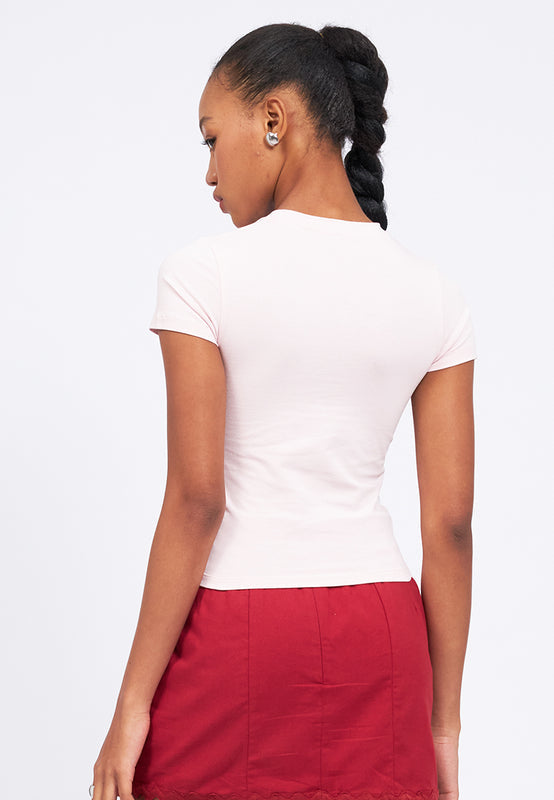 Graphic Short Sleeve Fitted T-Shirt
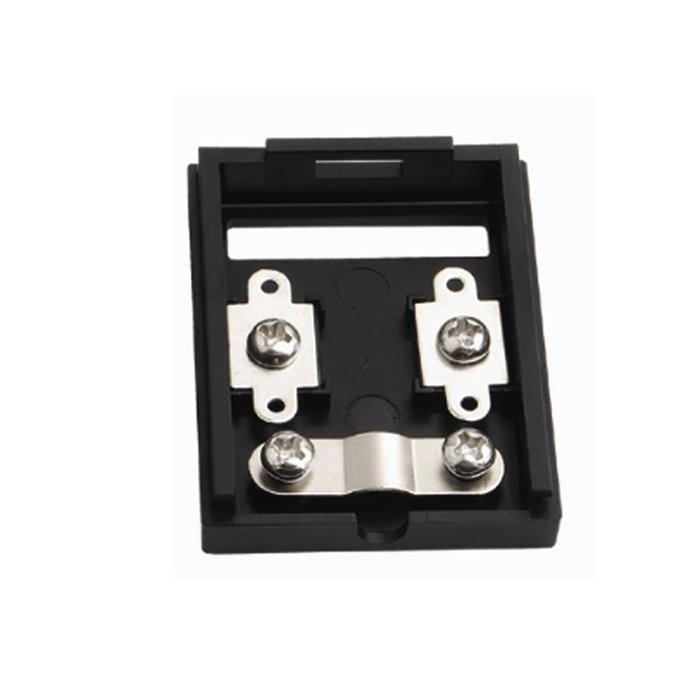 Black Solar Junction Box PV Connecting Box with No Diode No Cable 1W-30W 3A N4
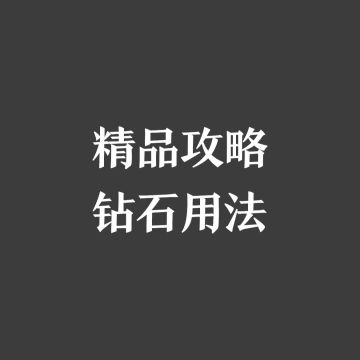【超详细保姆级攻略之钻石用法】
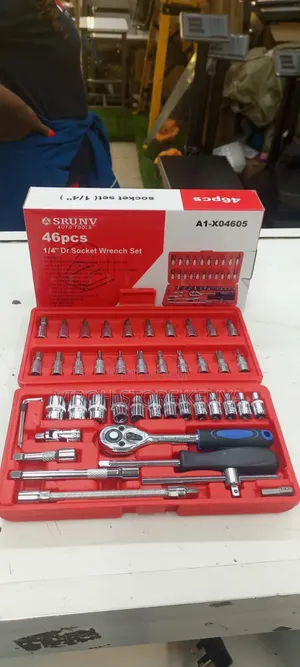 46pcs Dr Socket Wrench Set Portable Car Repair Set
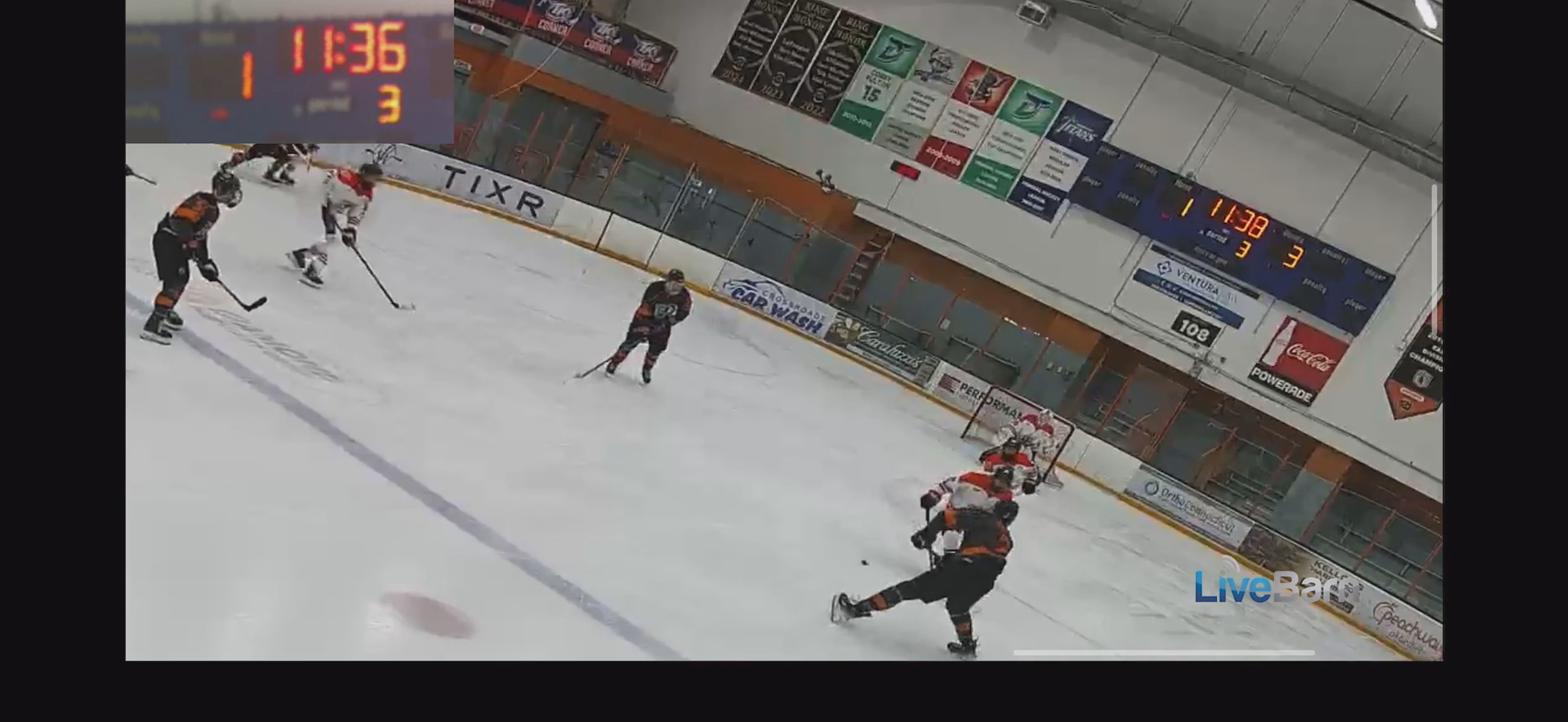 Shane Gleisner's Goal: kept puck onside and then got pass from
My defenseman Flyers 18U AAA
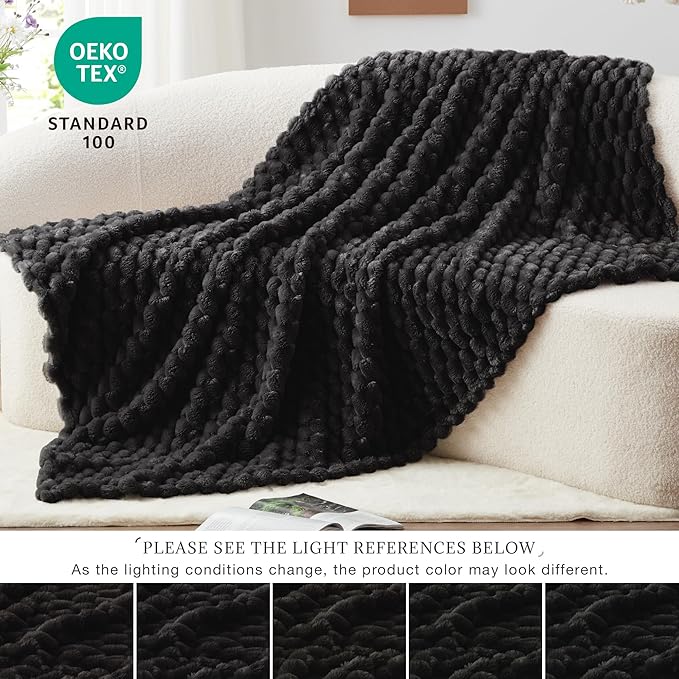 EXQ Home Fleece Throw Blanket for Couch and Bed, 3D Imitation Large Turtle - Image 4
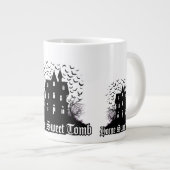 Home Sweet Tomb Tasse | Lustiger gothischer Hallow (Vorderseite Rechts)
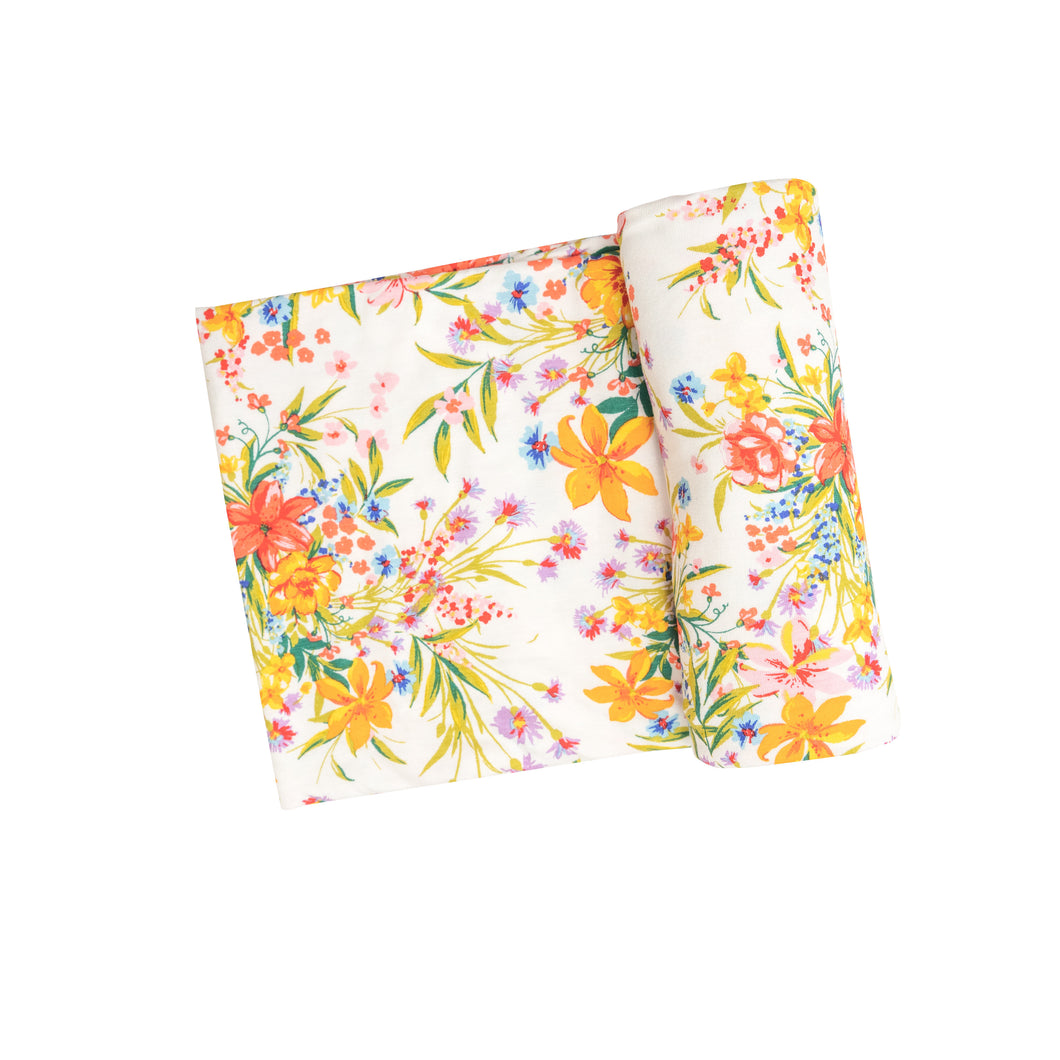 Garden Joy Swaddle Blanket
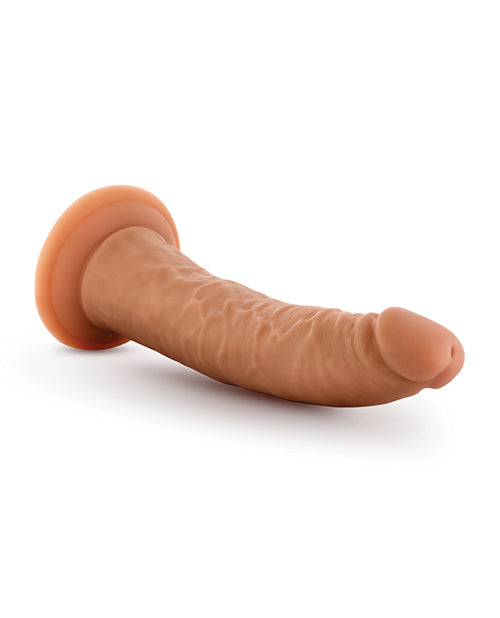 Blush Dr Skin Glide 7.5 Inch Self Lubricating Dildo Mocha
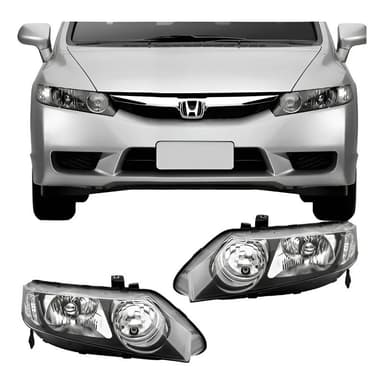 foto de Farol Másc Negra Civic 12–16 Esq
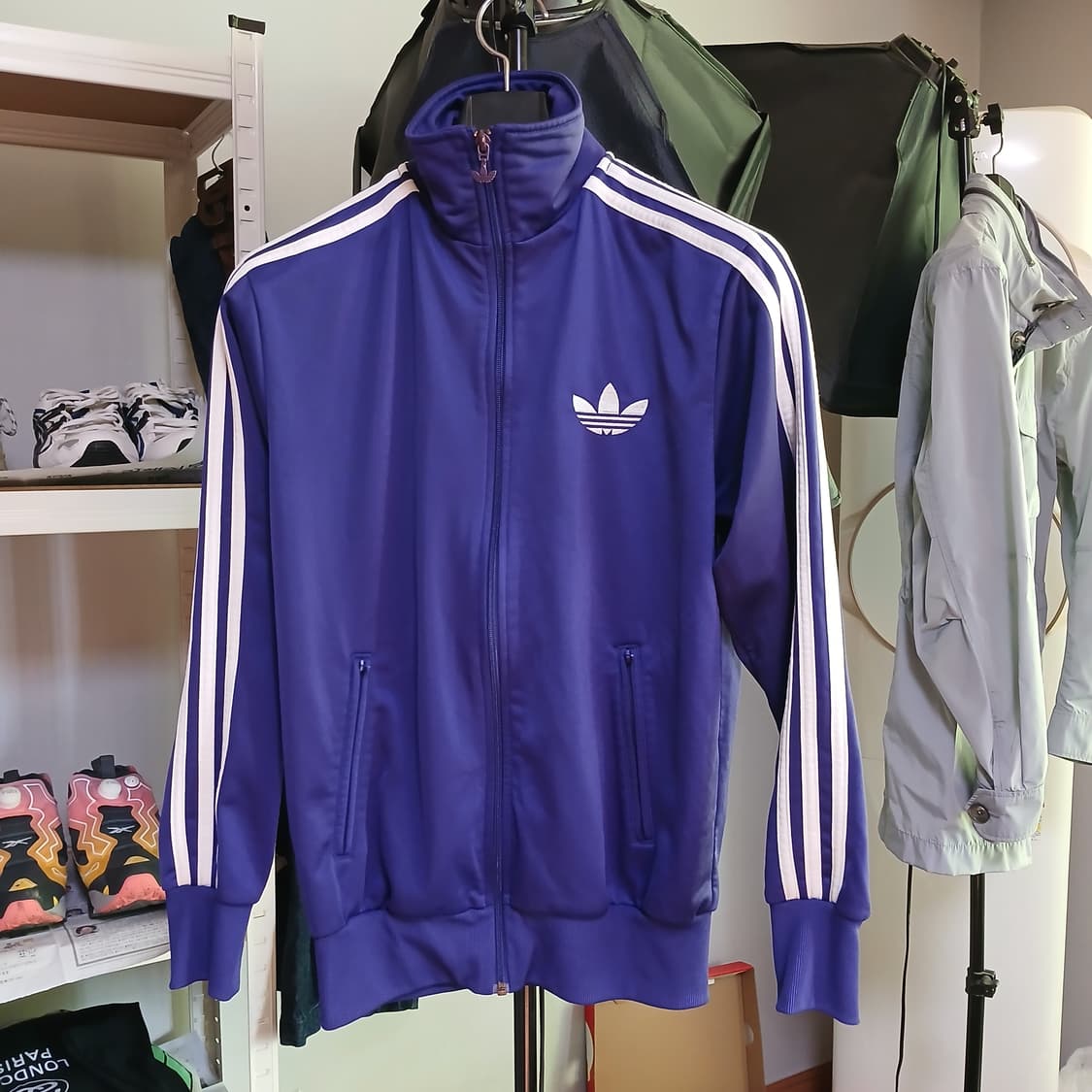 Adidas 아디다스 져지 퍼플 보라색 트랙탑 자켓 상품이미지5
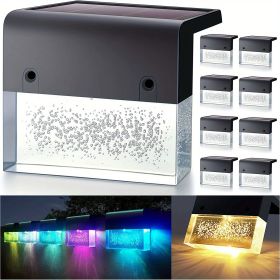 4pcs/6pcs/8pcs/10pcs/12pcs Solar Wall Lights (Quantity: 8)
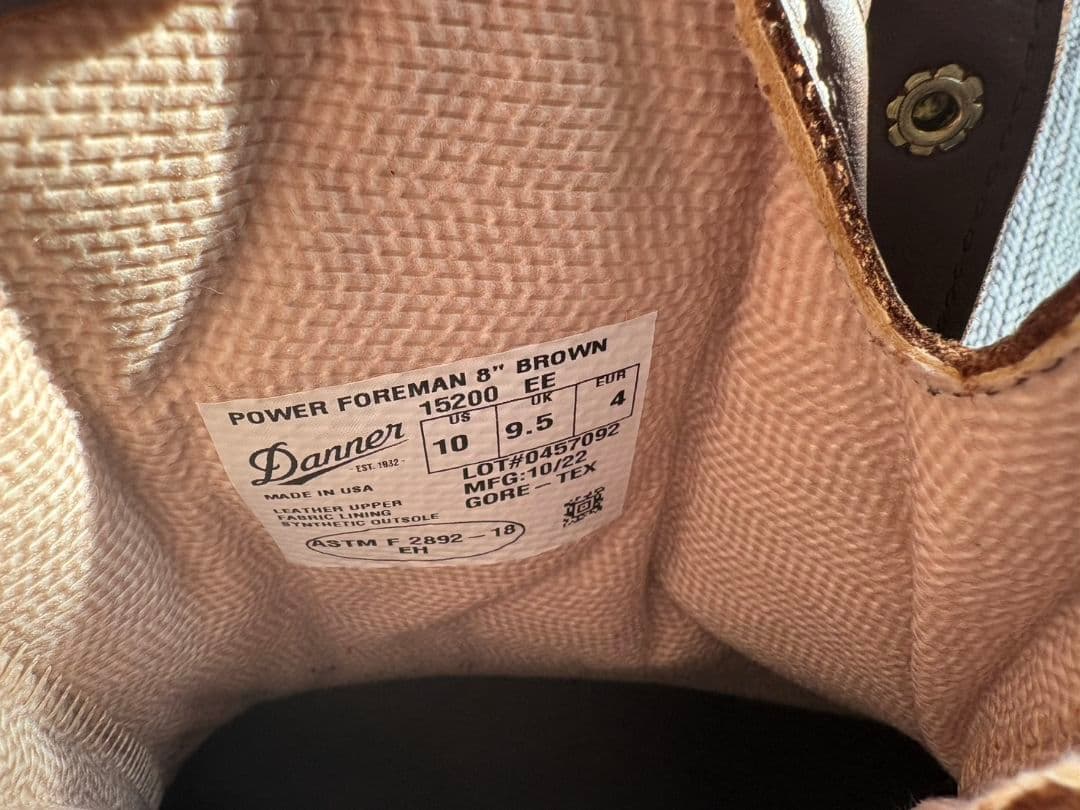 最終週末セール　美品　Danner　GORE-TEX　powerforeman8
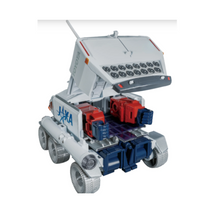 Load image into Gallery viewer, Transformers crossover Canon Toyota Lunar Cruiser Optimus Prime by Takara Tomy
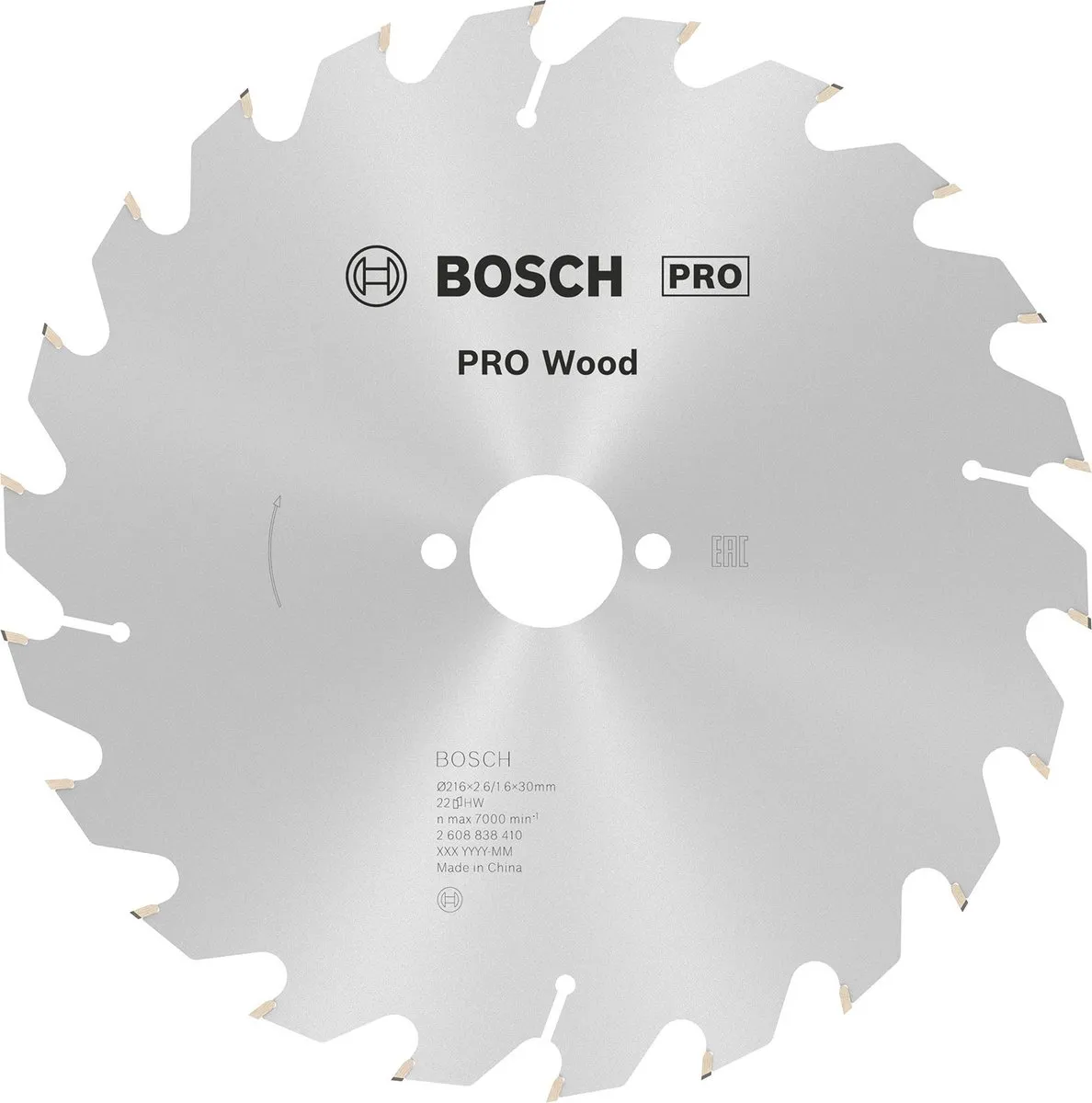 Bosch Professional Hout Cirkelzaagblad 216mm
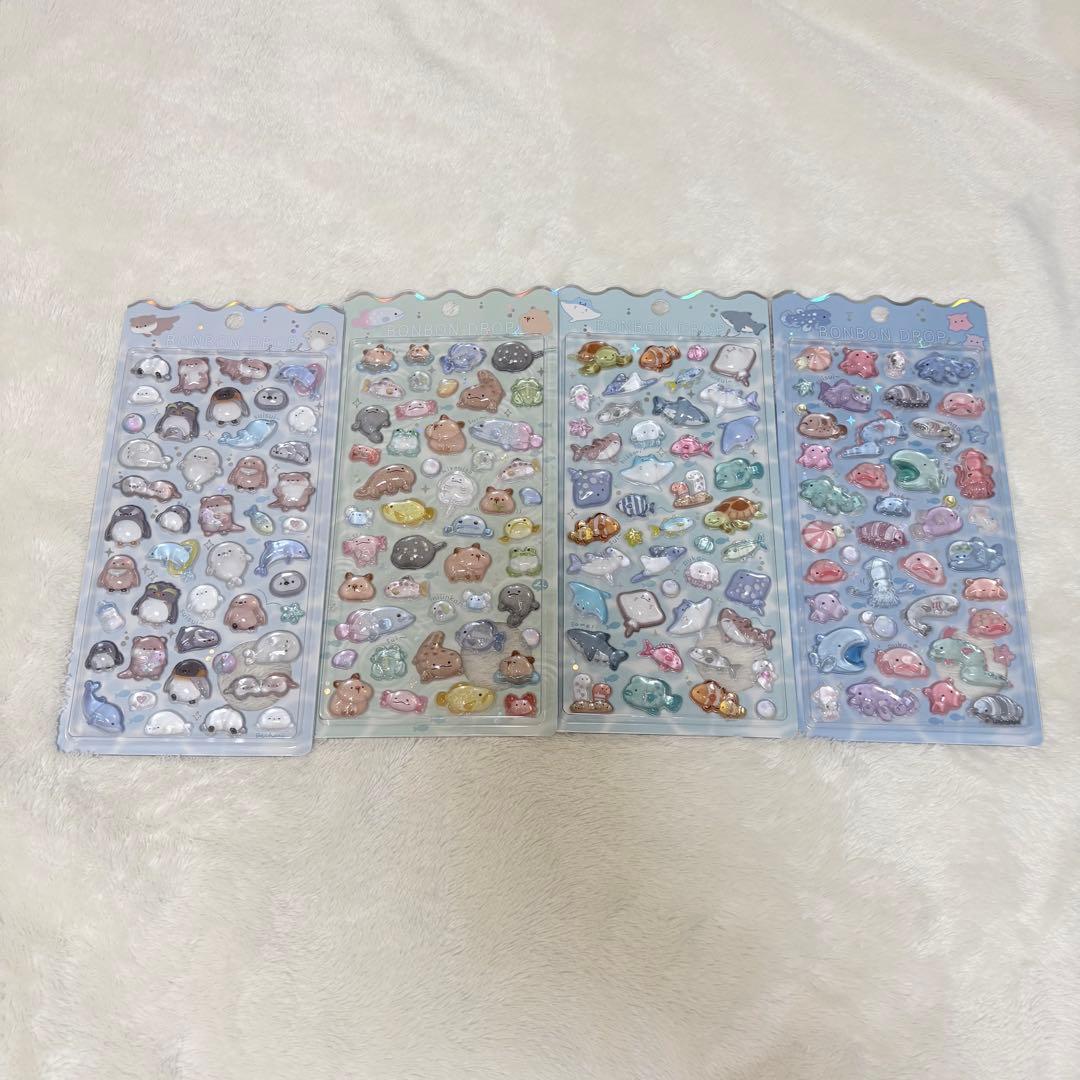 ボンボンドロップシール　水族館限定　4個セット　正規品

§ §

» What to work on
Starting with the line containing "Black Solar Junction" and ending with the last line of the records above, write out each line exactly; no pictures.

» The completed task
 Black Solar Junction Box PV Connecting Box with No Diode No Cable 1W-30W 3A N4
【超详细保姆级攻略之钻石用法】
 46pcs Dr Socket Wrench Set Portable Car Repair Set
 Shane Gleisner's Goal: kept puck onside and then got pass from
My defenseman Flyers 18U AAA
 EXQ Home Fleece Throw Blanket for Couch and Bed, 3D Imitation Large Turtle - Image 4
 Home Sweet Tomb Tasse | Lustiger gothischer Hallow (Vorderseite Rechts)
 Garden Joy Swaddle Blanket
 Blush Dr Skin Glide 7.5 Inch Self Lubricating Dildo Mocha
 foto de Farol Másc Negra Civic 12–16 Esq
 Adidas 아디다스 져지 퍼플 보라색 트랙탑 자켓 상품이미지5
 4pcs/6pcs/8pcs/10pcs/12pcs Solar Wall Lights (Quantity: 8)
 最終週末セール　美品　Danner　GORE-TEX　powerforeman8
 Load image into Gallery viewer, Transformers crossover Canon Toyota Lunar Cruiser Optimus Prime by Takara Tomy
 Bosch Professional Hout Cirkelzaagblad 216mm
 ボンボンドロップシール　水族館限定　4個セット　正規品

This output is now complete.